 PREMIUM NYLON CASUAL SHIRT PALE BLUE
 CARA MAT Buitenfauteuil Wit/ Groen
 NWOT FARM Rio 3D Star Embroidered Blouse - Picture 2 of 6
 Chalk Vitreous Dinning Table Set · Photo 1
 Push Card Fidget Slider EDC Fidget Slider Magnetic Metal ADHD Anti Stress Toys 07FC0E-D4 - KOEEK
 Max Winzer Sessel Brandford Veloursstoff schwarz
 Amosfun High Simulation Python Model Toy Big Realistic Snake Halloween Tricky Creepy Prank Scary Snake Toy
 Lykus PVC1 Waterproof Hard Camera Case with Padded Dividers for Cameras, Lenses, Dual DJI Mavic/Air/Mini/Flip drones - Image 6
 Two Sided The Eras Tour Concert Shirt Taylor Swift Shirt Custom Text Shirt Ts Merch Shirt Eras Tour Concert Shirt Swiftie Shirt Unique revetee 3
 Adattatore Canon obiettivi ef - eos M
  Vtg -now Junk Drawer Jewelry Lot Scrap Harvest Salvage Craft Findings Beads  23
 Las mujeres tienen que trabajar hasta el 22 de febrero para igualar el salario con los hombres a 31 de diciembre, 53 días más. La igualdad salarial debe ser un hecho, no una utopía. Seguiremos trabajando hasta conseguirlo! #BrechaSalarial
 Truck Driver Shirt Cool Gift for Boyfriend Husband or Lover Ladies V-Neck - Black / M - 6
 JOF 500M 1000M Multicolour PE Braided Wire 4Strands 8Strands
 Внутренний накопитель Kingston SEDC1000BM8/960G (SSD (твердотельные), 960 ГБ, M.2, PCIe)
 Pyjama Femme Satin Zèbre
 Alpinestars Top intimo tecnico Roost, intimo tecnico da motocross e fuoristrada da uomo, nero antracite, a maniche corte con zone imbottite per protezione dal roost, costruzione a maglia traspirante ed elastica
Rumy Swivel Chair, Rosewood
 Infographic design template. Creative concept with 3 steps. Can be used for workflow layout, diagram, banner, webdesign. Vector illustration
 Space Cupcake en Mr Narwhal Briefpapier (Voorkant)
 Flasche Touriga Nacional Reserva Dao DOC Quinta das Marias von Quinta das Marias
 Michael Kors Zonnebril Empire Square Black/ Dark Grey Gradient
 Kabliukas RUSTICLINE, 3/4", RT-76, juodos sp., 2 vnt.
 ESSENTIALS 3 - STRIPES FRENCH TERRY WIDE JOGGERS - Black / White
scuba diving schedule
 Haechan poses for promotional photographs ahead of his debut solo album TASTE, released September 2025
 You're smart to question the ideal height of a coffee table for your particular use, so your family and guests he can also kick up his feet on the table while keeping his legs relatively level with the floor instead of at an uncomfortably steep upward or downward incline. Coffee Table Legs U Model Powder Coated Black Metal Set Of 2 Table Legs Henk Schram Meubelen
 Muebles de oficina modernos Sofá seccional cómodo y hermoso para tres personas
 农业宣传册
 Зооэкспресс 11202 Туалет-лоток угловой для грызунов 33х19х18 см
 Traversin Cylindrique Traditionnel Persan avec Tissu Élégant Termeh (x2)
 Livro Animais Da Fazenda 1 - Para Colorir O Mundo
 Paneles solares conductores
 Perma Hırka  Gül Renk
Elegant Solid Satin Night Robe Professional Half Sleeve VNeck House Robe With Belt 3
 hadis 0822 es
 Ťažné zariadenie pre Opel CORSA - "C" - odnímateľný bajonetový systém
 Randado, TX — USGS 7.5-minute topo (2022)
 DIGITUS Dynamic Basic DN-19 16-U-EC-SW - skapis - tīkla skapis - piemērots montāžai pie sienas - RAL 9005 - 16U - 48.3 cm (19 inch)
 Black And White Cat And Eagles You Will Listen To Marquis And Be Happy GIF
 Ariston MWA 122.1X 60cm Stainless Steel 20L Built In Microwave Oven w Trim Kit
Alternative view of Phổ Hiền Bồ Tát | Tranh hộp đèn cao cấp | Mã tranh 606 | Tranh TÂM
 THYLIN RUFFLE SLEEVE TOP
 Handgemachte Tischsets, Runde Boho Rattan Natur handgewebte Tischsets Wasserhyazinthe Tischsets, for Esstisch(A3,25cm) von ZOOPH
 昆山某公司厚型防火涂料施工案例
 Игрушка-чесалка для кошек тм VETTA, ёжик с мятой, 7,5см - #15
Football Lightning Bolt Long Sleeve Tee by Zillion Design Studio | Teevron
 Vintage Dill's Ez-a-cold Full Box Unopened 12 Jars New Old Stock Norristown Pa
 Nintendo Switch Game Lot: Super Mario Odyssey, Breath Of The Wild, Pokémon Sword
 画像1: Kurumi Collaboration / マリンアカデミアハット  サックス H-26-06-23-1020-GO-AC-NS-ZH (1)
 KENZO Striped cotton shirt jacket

# [Task goal]
Please go through the listing and return each line that has "White" in it.

# [Result for this exercise]
 ESSENTIALS 3 - STRIPES FRENCH TERRY WIDE JOGGERS - Black / White
 Black And White Cat And Eagles You Will Listen To Marquis And Be Happy GIF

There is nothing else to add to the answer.